Exercise in exact copying: restate word for word only the lines below from the one containing "Silhouette illustration of" through the one containing "Esstisch Brooklyn aus", omitting any pictures.
━━━━━━━━━━━━━━━━
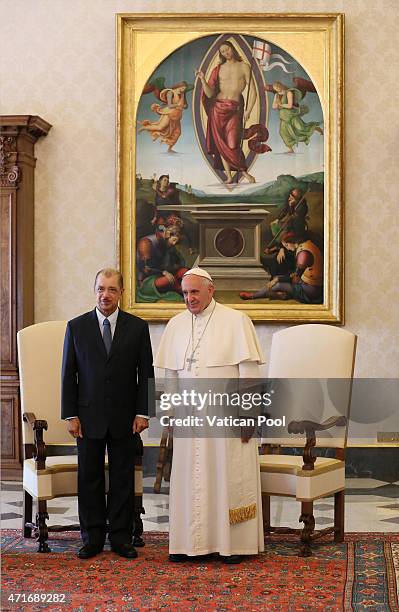 President James Alix Michel of the Republic of the Seychelles meets with Pope Francis at the Apostolic Palace on April 30, 2015 in Vatican City,...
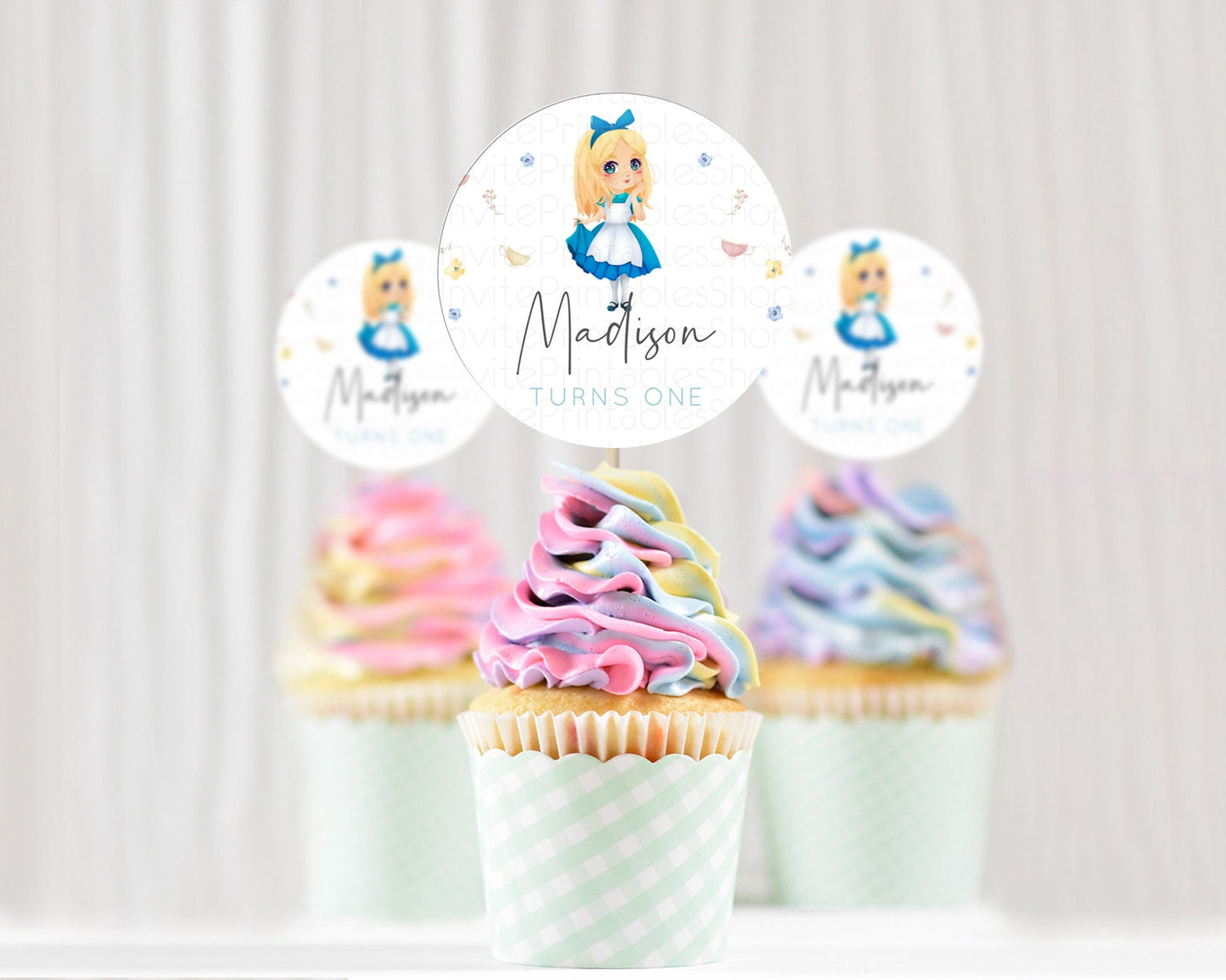 Princess Cupcake Toppers Castle Cupcake Toppers Royal Princess Décor Fairy Tale Enchanted Castle Pastel Floral Garden Table Number  D10886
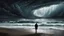 Placeholder: A lone figure stands on a deserted beach, gazing out at a turbulent ocean under a stormy sky. The figure's silhouette is stark against the dramatic backdrop, emphasizing a sense of isolation. The inner world is suggested by subtle, swirling colors within the silhouette, contrasting with the harsh reality of the external environment. Rendered in a photorealistic style with intense atmospheric lighting, capturing the raw power of nature and the quiet solitude, surreal, weird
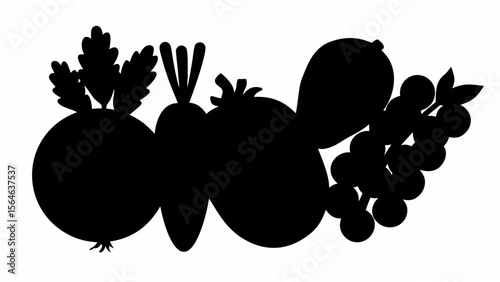 Silhouette illustration of assorted vegetables and fruits including beets carrots and grapes in black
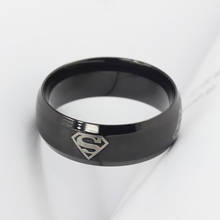 Ретро панк Черное титановое стальное кольцо для пар черное кольцо Супермена мужское ювелирное изделие anillos anel masculino anelli anillo 2024 - купить недорого
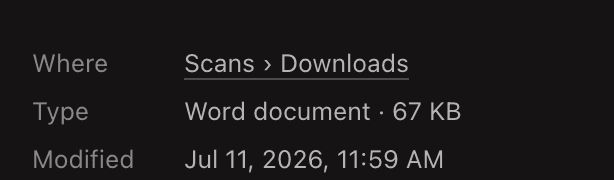 NameQuick's details pane for a renamed file, showing its original modified date.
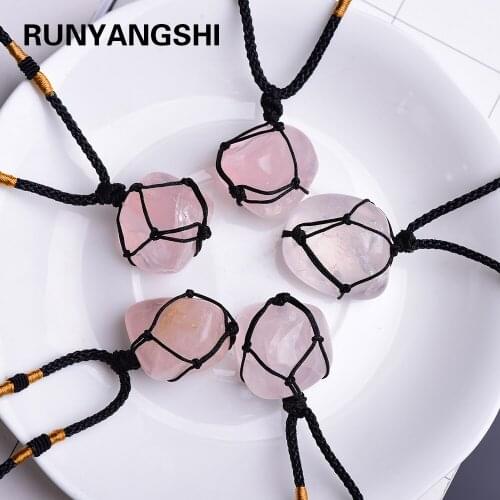 Wholesale Hand woven net pocket Rose Quartzs Irregular Natural Stone Pendants DIY for Necklace or Jewelry Making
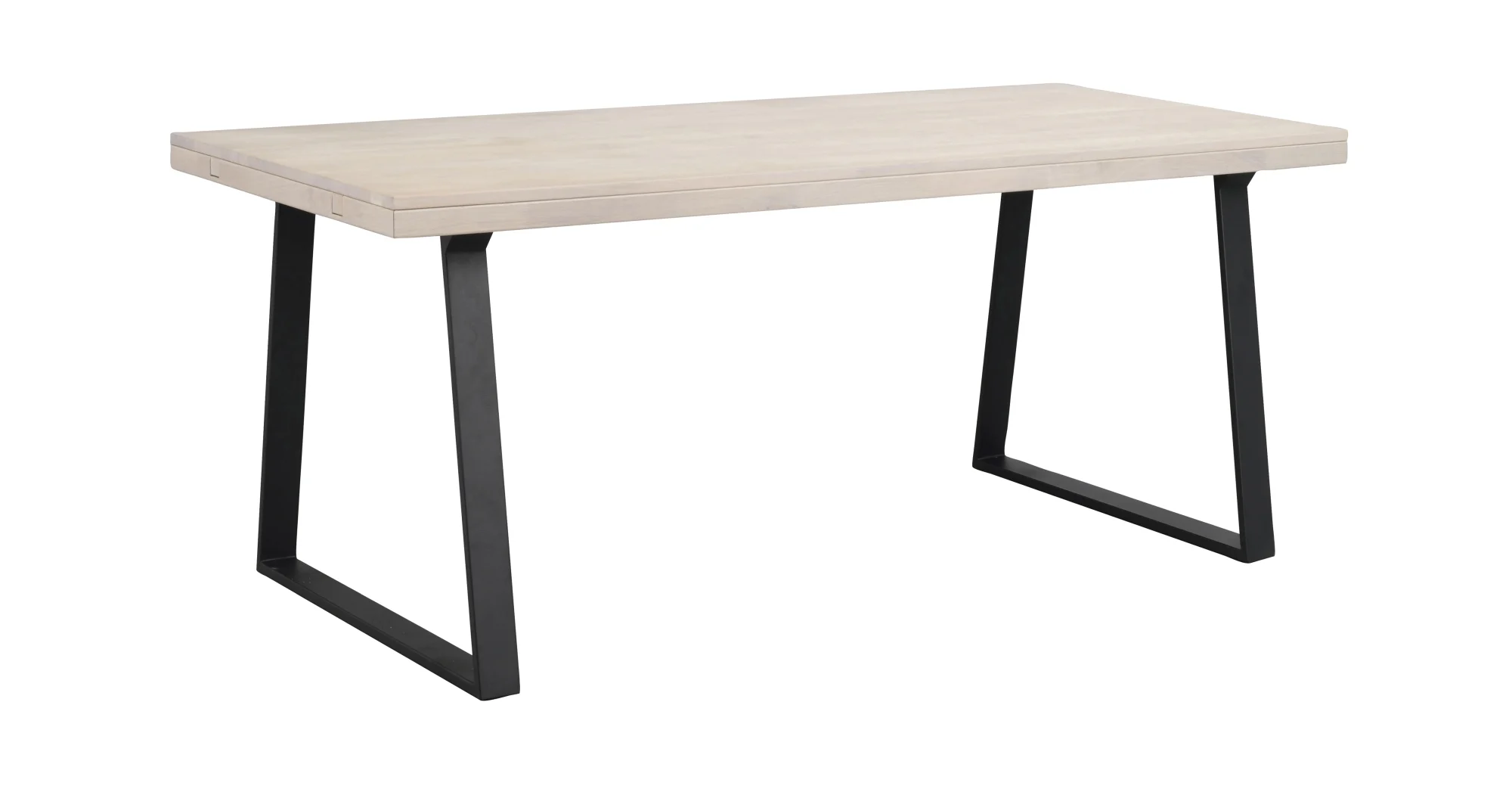 Esstisch Brooklyn aus Eiche, Trapez-Gestell im Industrial Stil, Whitewash, 170 cm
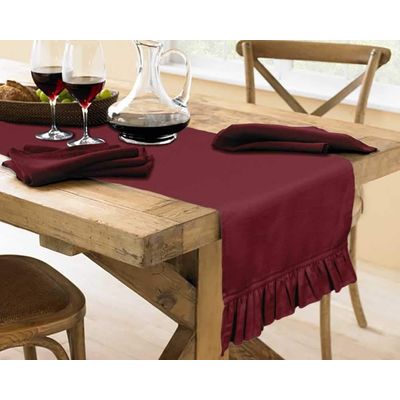 Caminho de Mesa Bordô Elegante para Decoração de Mesa, Decoração para Casa, Casamentos, Festas e Feriados - Vargottam 35,56 Cm (L) × 121,92 Cm (C) / Vermelho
━━━━━━━━━━━━━━━━
**Answer section**.
 Silhouette illustration of assorted vegetables and fruits including beets carrots and grapes in black
 Ретро панк Черное титановое стальное кольцо для пар черное кольцо Супермена мужское ювелирное изделие anillos anel masculino anelli anillo 2024 - купить недорого
 NameQuick's details pane for a renamed file, showing its original modified date.
 Wholesale Hand woven net pocket Rose Quartzs Irregular Natural Stone Pendants DIY for Necklace or Jewelry Making
 Esstisch Brooklyn aus Eiche, Trapez-Gestell im Industrial Stil, Whitewash, 170 cm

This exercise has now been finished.